To see the mix channel settings use PulseAudio Volume control and go
to the input devices tab. PulseAudio Volume control is in the Linux
menus under the sound and video submenu (on Ubuntu anyway). You may
need to install the package pavucontrol to get this gui.

To turn off the auto adjust:

cd ~/.config/google-googletalkplugin # get to google chat's directory
cp -p options options.bak # make a backup before changing stuff !
gedit options # edit the config file

now change one of the lines so that it reads as follows:

audio-flags=1

Now restart you machine and google chat will now longer auto-adjust!!!

Remember to go to PulseAudio volume control just to make sure the left
channel stays at 0

//////// //////////// //////////// //////////// ////////////
/////////// //////////

wd5gnr
9/6/10

I had crackly audio issues -- not bad but annoying. I realized I'd
made some changes to my pulseaudio configuration a long time ago.

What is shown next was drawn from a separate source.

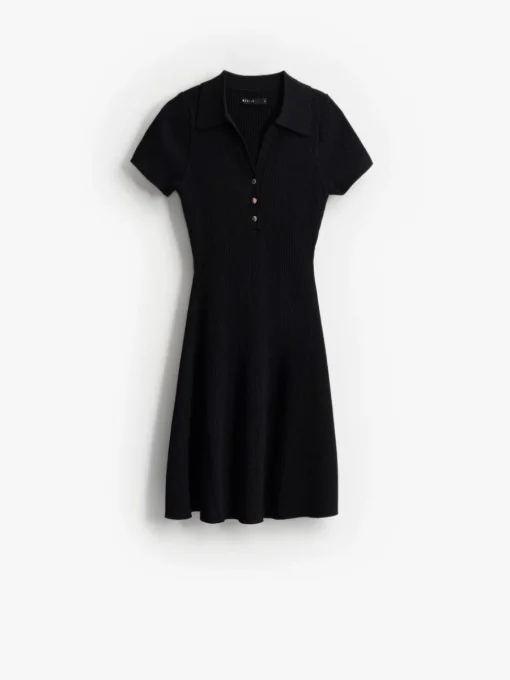 Coming Soon!>MOHITO Minikleid mit Kragen Schwarz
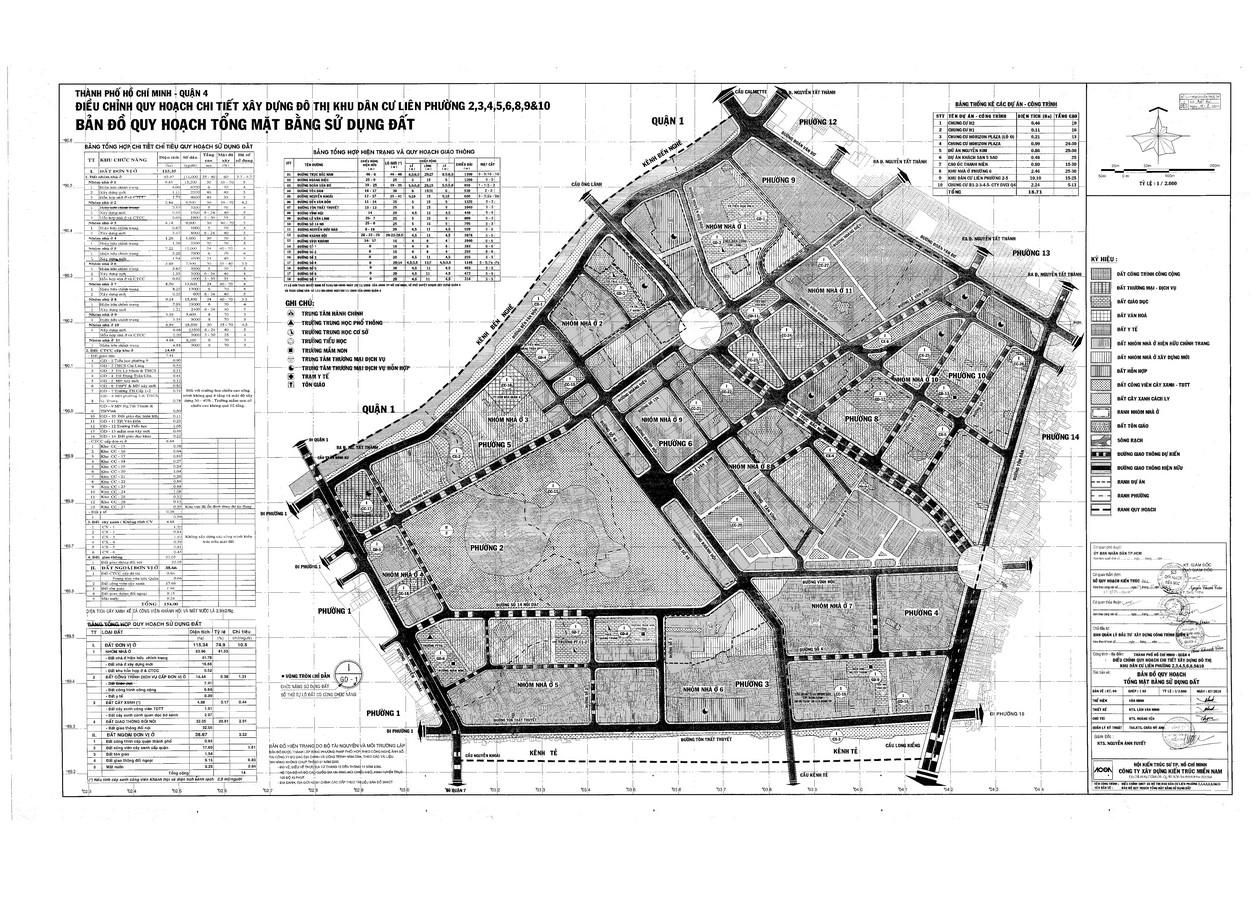 Bản đồ quy hoạch 1/2000 Khu dân cư liên phường 2, 3 ,4, 5, 6, 8, 9, 10, Quận 4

If you are comfortable with sudo and a text editor you might try experimenting:

Open /etc/pulse/daemon.conf.. Not sure which of these made the
difference. I was suing src-sinc-best-quality but I think even on my
quad core 3.8Ghz machine it was not doing me any favors. I also
adjusted the number of fragments and the fragment size. You won't find
the comments (lines with ;) in your file because I added them. But you
should find resample-method, default-fragments, and
default-fragment-ize-msec.

Here's the excerpt.

; choices in order from best to worst:
; src-sinc-best-quality, src-sinc-medium-quality, src-sinc-fastest,
speex-float-{10-0}, speex-fixed-{10-0}, ffmpeg, src-zero-order-hold,
src-linear, trivial
; default is speex-float-1
resample-method = src-sinc-fastest

And further down:
; default is 4 and 25
; was suggested to do 8 and 10
default-fragments = 32
default-fragment-size-msec = 25

Now my calls are GREAT quality!!!
--------------------------

//////// //////////// //////////// //////////// ////////////
/////////// //////////
Niels Mayer
2010-09-07 18:21:31 UTC
Permalink
Post by Niels Mayer
FYI if you're running without pulseaudio (so as to avoid the problems
it introduces -- see two messages below as examples), the
GoogleTalkPlugin has an annoying delay every time it tries to access
an audio device, as it's querying for pulseaudio and not finding it
present and timing out. Each time this happens, you'll see a message
"socket(): Address family not supported by protocol"
Ugh... I thought I had solved this, as I wasn't seeing the messages
when testing my change. But I just had a phone call and saw the
pulseaudio message again, even with my --disable-sound hack. I also
tried giving the command-line arg directly to the google plugin and
it won't accept this gnome argument (even though the browser does). SO
I'm not sure what I was seeing the first time, and sorry for reporting
on false success.

Is there an environment variable that does the same thing as
--disable-sound so that pulseaudio never gets called within a Gnome
app? Some KDE apps like 'kmix' have a special envvar for this:
KMIX_PULSEAUDIO_DISABLE=1

Any equivalent envvar in the underlying gnome libraries to disable
pulse and go straight to ALSA?

Niels
http://nielsmayer.com
Paul Davis
2010-09-08 14:31:15 UTC
Permalink
Post by Niels Mayer
Any equivalent envvar in the underlying gnome libraries to disable
pulse and go straight to ALSA?
most (or maybe just a lot of) code doesn't use PulseAudio directly at
all. it opens an ALSA device that is implemented by the Pulse ALSA
user-space plugin.

last time i looked lennart was still encouraging people NOT to use the
PulseAudio API for writing apps, but people are.
Niels Mayer
2010-09-08 15:41:56 UTC
Permalink
Post by Paul Davis
most (or maybe just a lot of) code doesn't use PulseAudio directly at
all. it opens an ALSA device that is implemented by the Pulse ALSA
user-space plugin.
last time i looked lennart was still encouraging people NOT to use the
PulseAudio API for writing apps, but people are.
Thanks for the clarification.

The underlying issue is that in practice most gnome apps, attempt to
contact pulseaudio first, failing with "socket(): Address family not
supported by protocol" and causing a short delay before directly going
to the device.

Since pulse is completely uninstalled on the systems where I see this
problem, there's no chance that the ALSA user-space plugin is being
invoked, since neither of these packages are installed
"alsa-plugins-pulseaudio.i686" or "alsa-plugins-pulseaudio.x86_64"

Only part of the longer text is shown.